TASK OBJECTIVE ::
Given the material below, output exactly the lines from the line with "Men’s Light Blue" to the line with "Capricorn Seersucker Maxi", both ends included, and no other lines.

PROVIDED DATA ::

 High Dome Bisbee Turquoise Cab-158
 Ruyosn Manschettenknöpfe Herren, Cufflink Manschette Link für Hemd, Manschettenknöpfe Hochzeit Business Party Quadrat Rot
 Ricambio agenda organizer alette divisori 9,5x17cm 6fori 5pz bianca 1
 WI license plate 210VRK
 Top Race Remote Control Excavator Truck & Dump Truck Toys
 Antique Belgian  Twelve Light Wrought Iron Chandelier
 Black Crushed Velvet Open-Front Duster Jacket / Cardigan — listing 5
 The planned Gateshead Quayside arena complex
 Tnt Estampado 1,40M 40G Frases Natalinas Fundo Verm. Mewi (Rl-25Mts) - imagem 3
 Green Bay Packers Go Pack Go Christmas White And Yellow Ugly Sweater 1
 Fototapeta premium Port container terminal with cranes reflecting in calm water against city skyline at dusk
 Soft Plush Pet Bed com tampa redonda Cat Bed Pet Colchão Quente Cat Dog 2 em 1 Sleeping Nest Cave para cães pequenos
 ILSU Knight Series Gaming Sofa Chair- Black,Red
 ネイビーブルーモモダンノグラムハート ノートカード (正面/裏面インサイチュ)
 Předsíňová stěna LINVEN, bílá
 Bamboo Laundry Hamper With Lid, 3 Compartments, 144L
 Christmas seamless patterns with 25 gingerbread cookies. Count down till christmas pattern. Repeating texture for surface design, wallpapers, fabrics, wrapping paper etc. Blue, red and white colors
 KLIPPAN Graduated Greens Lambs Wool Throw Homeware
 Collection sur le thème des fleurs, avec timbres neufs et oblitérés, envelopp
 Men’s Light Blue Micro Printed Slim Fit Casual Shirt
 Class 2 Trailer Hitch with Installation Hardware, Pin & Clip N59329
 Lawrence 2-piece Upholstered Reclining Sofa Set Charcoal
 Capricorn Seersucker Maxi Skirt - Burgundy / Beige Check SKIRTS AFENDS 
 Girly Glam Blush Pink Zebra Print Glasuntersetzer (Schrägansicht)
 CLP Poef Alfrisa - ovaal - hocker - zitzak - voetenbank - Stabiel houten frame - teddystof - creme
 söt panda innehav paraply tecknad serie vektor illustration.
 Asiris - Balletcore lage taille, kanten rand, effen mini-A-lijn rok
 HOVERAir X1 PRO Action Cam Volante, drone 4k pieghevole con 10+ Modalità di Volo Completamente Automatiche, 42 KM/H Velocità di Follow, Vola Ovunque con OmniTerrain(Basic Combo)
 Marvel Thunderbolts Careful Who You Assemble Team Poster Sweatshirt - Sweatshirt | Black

RESULT OF THE EXERCISE ::
 Men’s Light Blue Micro Printed Slim Fit Casual Shirt
 Class 2 Trailer Hitch with Installation Hardware, Pin & Clip N59329
 Lawrence 2-piece Upholstered Reclining Sofa Set Charcoal
 Capricorn Seersucker Maxi Skirt - Burgundy / Beige Check SKIRTS AFENDS 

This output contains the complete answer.